Отец остановил на мне острый взгляд, но тотчас же его отвел. Так как он не отвечал, я почел себя обязанным продолжать, хоть и не без колебания; он же перебивал меня лишь односложными замечаниями.
— Ни к одному роду деятельности, сэр, я не мог бы относиться с большим уважением, чем к деятельности купца, даже если бы вы не избрали ее для себя.
— Вот как?
— Торговля сближает между собою народы, облегчает нужду и способствует всеобщему обогащению; для всего цивилизованного мира она то же, что в частной жизни повседневные сношения между людьми, или, если угодно, то же, что воздух и пища для нашего тела.
— Ну и что же, сэр?
— И все-таки, сэр, я вынужден настаивать на отказе от этого поприща, на котором я едва ли способен преуспеть.

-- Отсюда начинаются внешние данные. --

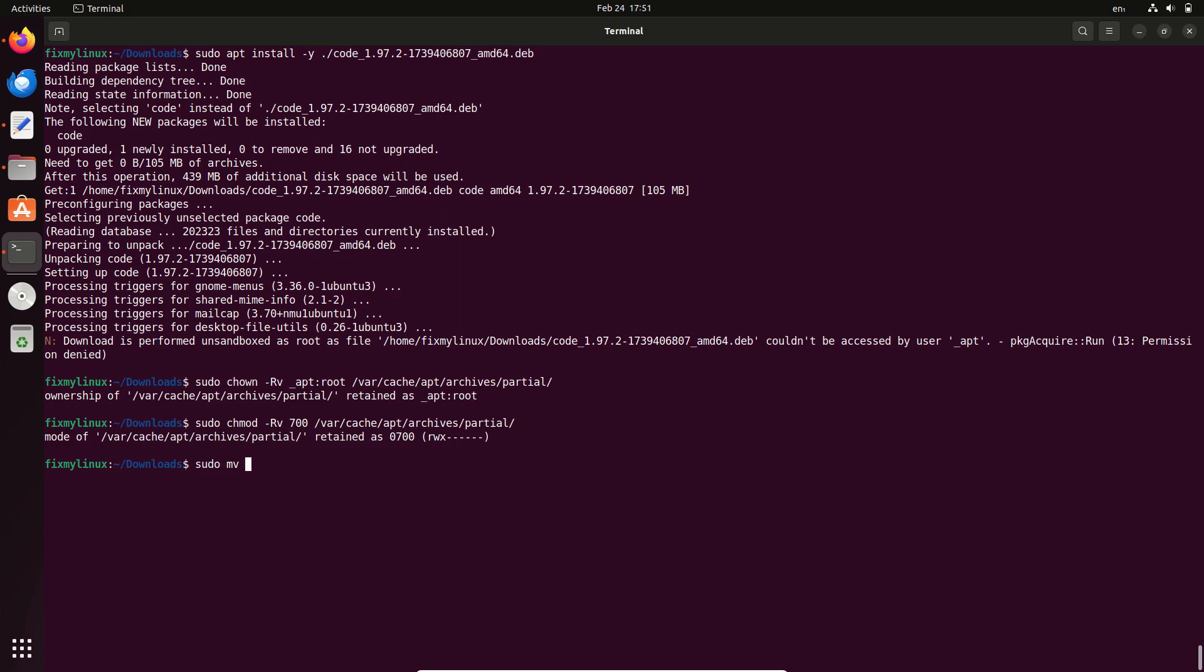To fix it, move the file to your home directory by running this command. sudo mv tilde slash Downloads slash.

— Я позабочусь, чтобы ты приобрел все данные. Ты больше не гость и ученик Дюбура.
— Но, дорогой сэр, я жалуюсь не на дурное обучение, а на собственную мою неспособность извлечь из уроков пользу.

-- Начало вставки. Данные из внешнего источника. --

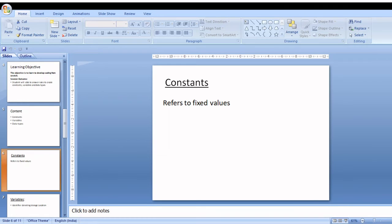Next we move on to character constant categories. Under character constants, you have two options: character constants and string constants. A single character constant is a single character enclosed within single quotes. A string constant is a collection of characters — alphabets, digits, special characters, and blank spaces — enclosed within double quotes.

— Вздор! Ты вел дневник, как я того желал?
— Да, сэр.
— Будь любезен принести его сюда.
Вытребованный таким образом дневник представлял собой обыкновенную тетрадь, которую я завел по настоянию отца и куда мне полагалось записывать всевозможные сведения, приобретаемые мною во время обучения. Предвидя, что отец возьмет тетрадь для просмотра, я старался вносить в нее такого рода сведения, какие он, по моему разумению, должен был одобрить; но слишком часто перо мое делало свое дело, не очень-то слушаясь головы. И случалось также, что я, раскрыв дневник, благо он у меня всегда под рукой, нет-нет да и внесу в него запись, имеющую мало общего с торговым делом. И вот я вручил тетрадь отцу, робко надеясь, что он не натолкнется в ней на что-нибудь такое, от чего могло усилиться его недовольство. Лицо Оуэна, несколько омрачившееся при вопросе отца, сразу прояснилось при бойком моем ответе и расцвело улыбкой надежды, когда я принес из своей комнаты и положил перед отцом книгу конторского типа, в ширину больше, чем в длину, с медными застежками и в переплете из сыромятной телячьей кожи. От книги повеяло чем-то деловым, и это совсем приободрило моего доброжелателя. Он просто сиял от удовольствия, когда отец стал на выборку читать вслух отдельные страницы, бормоча свои критические замечания.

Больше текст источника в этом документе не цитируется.